改訂新版 世界大百科事典 「銀河X線」の意味・わかりやすい解説
銀河X線 (ぎんがエックスせん)
galactic X-ray
1962年から63年にかけて天体から強いX線が放射されることが発見された。X線は空気の層に吸収されるので,これは初めはロケット,後には気球,さらに人工衛星によって観測されたものである。X線の源はわれわれの銀河系(天の川)のみならず銀河系の外,遠い外の銀河系,宇宙の果てに近いクエーサーなどにもあるが,観測されるX線のほとんどはわれわれの銀河系からくるものである。この銀河X線源は次のように分類されている。(1)X線星と呼ばれるわれわれの銀河系に属するX線天体,(2)超新星の残した星雲,(3)もっと近い,波長の長いX線を放射する星間空間の熱いプラズマ。なお,アインシュタイン衛星の観測によって,通常の星もそのほとんどは弱いが波長の長いX線を放射していることがわかっている。
X線星の正体は今日では中性子星,ブラックホールなど高密度星と通常の星との近接連星系だと考えられている。星から高密度星に流入するプラズマが,解放される重力エネルギーで温められ高温になってX線を放射する。
かに星雲がシンクロトロン放射としてX線を放射しているほか,超新星の残した多くの星雲はX線を熱放射している。星間空間のプラズマは過去に爆発した超新星のエネルギーによって高温に温められていると想像されている。

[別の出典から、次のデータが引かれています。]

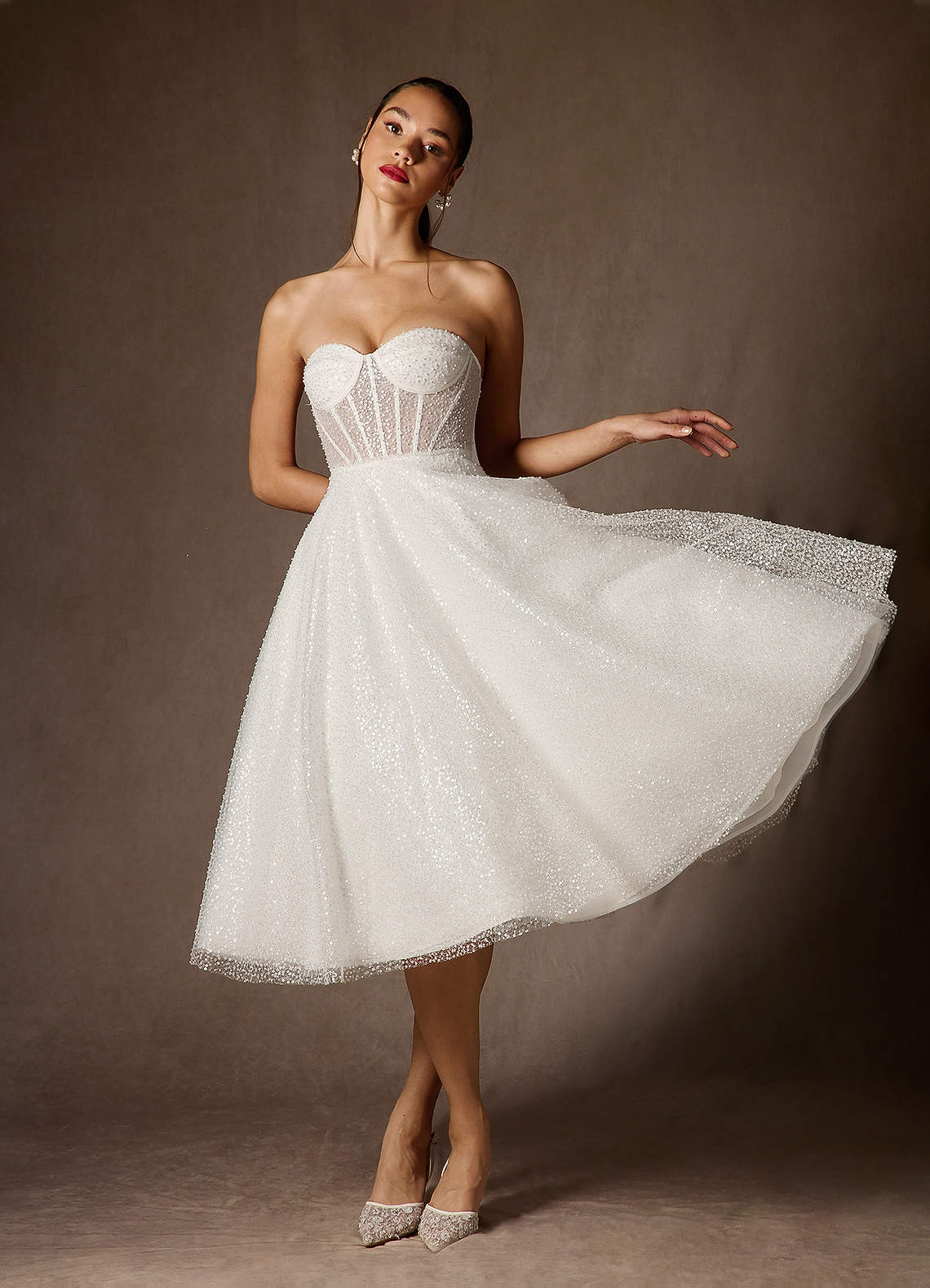Azazie Nicolette Diamond White A-Line Strapless Beading Dress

X線星は現在のところ次の三つに分類されている。(1)若い重い星と,強い磁場をもつ中性子星との連星で銀河系内ほぼ一様に分布し,その多くはX線パルサーとして観測される。(2)軽い晩期型の星と磁場を失っているように見える中性子星との連星で,銀河中心の方面から30度程度以内の銀河面に分布し,しばしばX線バーストと呼ばれる現象を見せる。(3)星とブラックホールとの連星。はくちょう座X-1,コンパス座X-1,GX339-2などがそれかと想像されるがブラックホールであるということは確かめられていない。